London: A Sonic Fragment

The Auricle Sonic Arts Gallery
Showing: 12-5pm, 5-28 February, 2015
Opening: 5 February, 6-8pm
A survey of contemporary British Sound Art
Facebook event

Sonic Fragment is an ambitious group show that brings together contemporary sound artists congregating in London, England. Despite tough living conditions, for artists especially, the capital still attracts and fosters a rich sound art scene. Their sonic concerns are varied as they are broad, travelling across spaces: galleries, nightclubs, squat parties, academic institutions and site specific work. Sonic Fragment aims to provide a glimpse of the cross disciplinary activities and shifting terrain of sound art emanating from the capital. London’s vibrant scene is installed into and pouring out of the Auricle.

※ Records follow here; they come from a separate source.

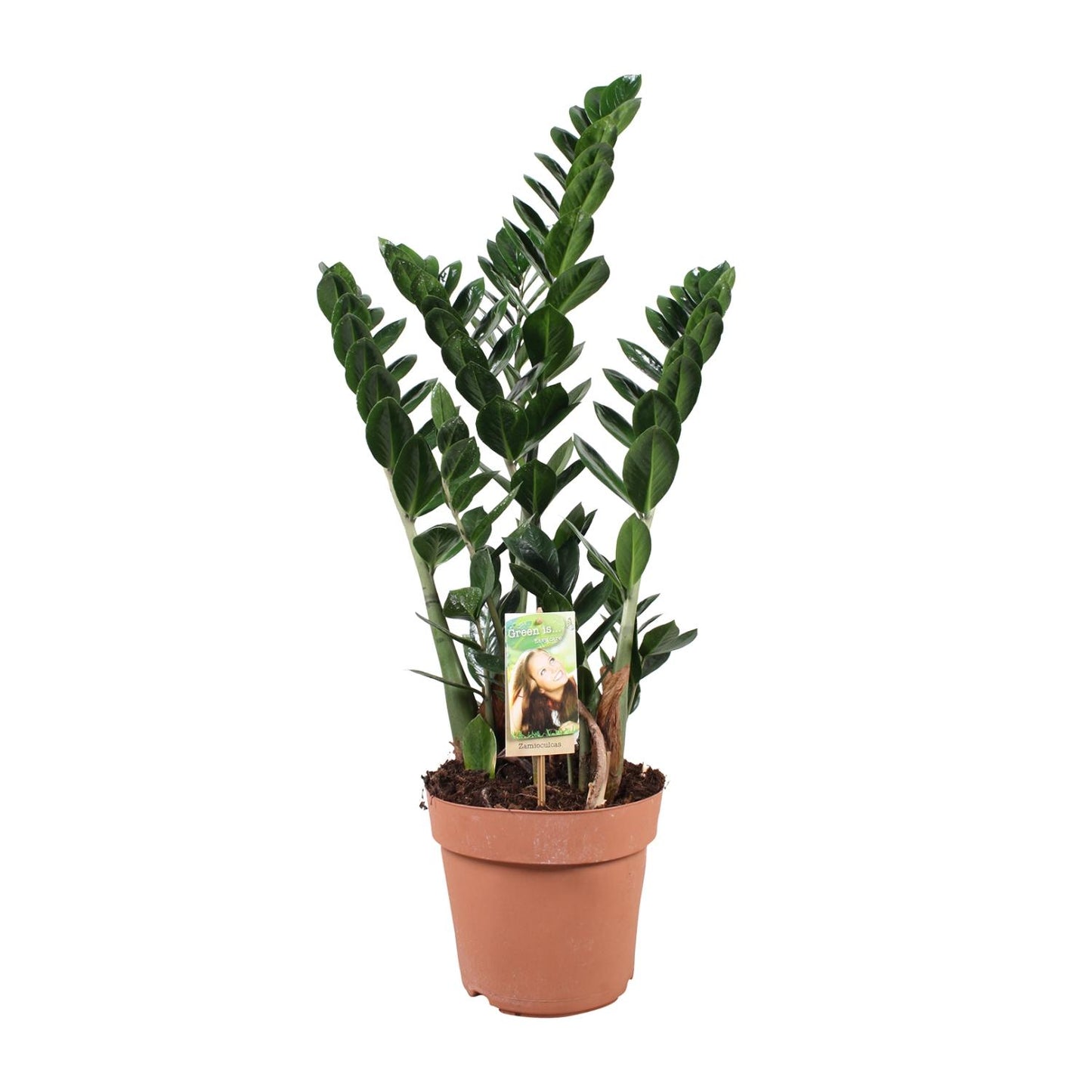 Zamioculcas - Ø21cm - ↕80cm - Pflanzfix24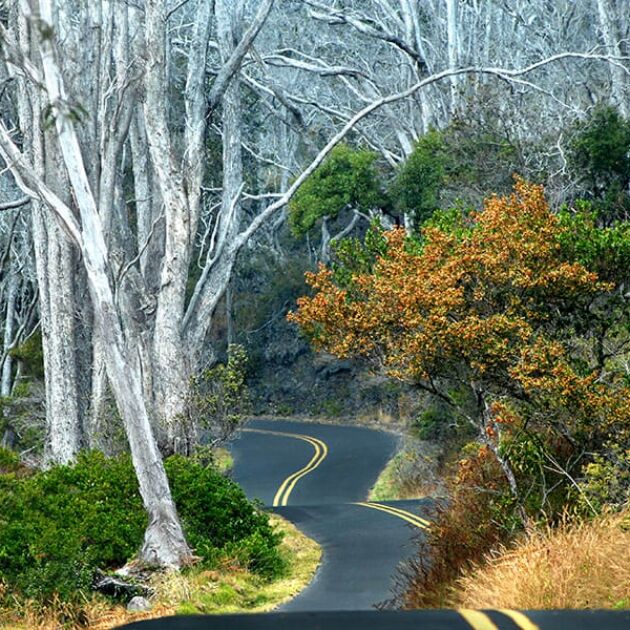 High Country Adventure - Exclusive Mauna Loa Volcano Tour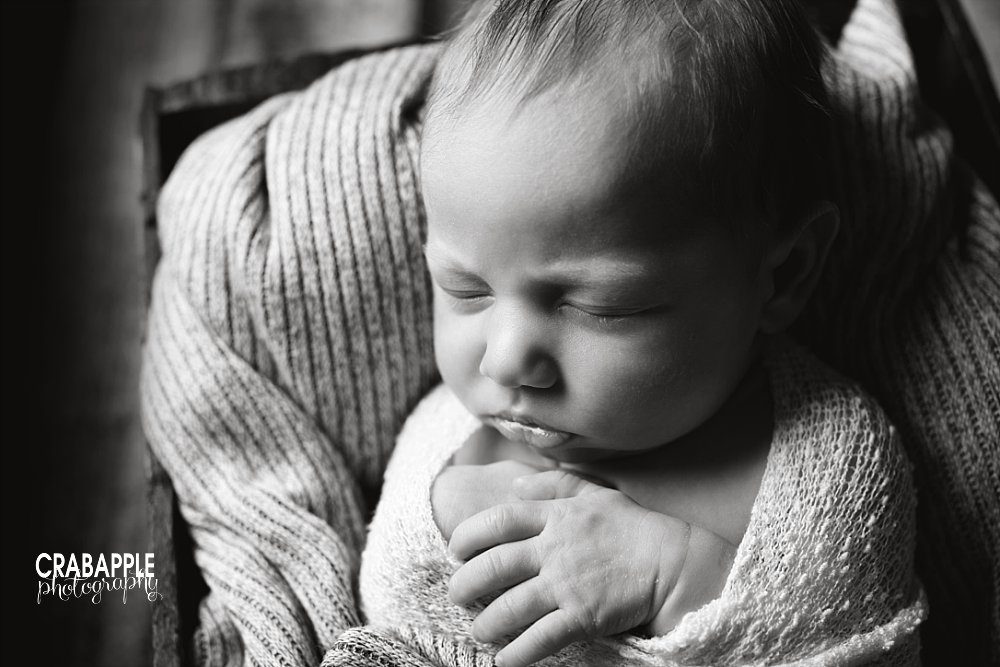 black and white newborn photos winchester ma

  • Shelley Parker’s Wall to Wall is constructed from a recording of maintenance work carried out onto the external wall of the artist’s flat, the piece attached to The Auricle’s external wall pounds out into the Auricle Wine and Sound Garden. www.shelleyparker.co.uk/
  • Disinformation’s National Grid offers live physical evidence of environmental electromagnetic pollution, it throbs out of the safe in the wine bar. www.youtube.com/C4eye & www.rorschachaudio.wordpress.com/
  • GPUD’s Fragmental Machine greets you at the top of the gallery stairs, a standalone instrument using sampled field recordings with interactivity via light sensors and distance sensors. http://mubasesteve.co.uk/ & http://mubase1.tumblr.com/
  • In the gallery Graham Dunning’s Untitled (Translation 1) uses multiple layers of audio and video to create a hypnotic, spiralling montage, made to evoke a dystopian dream sequence or meditative state. www.grahamdunning.com/
  • Greta Pistaceci’s confrontational Screamer offers video and sound shot in one uninterrupted take, in which a close-up of a mouth goes through an imperfect “perfecting routine”. www.gretapistaceci.com/
  • Brown Sierra present the book Recordings Fragmented, a collection of recordings of sound made through maps, drawings and texts as a document of living in London demonstrating that sound art need not physically resonate. A selection of the sound art journal Noisegate, has also been provided. Set up to discuss and disseminate ideas around the evolving field of sound art this self published journal ran from the late 1990s to the early 2000s. www.brownsierra.org.uk/
  • Sound Art curator Helen Frossi lends Keeping the Shoes Clean, a selection of smartphone images recording her walks through London. www.soundfjord.org www.visiblenearmidnight.org

The exhibition is curated by London based artist Justyna Burzynska.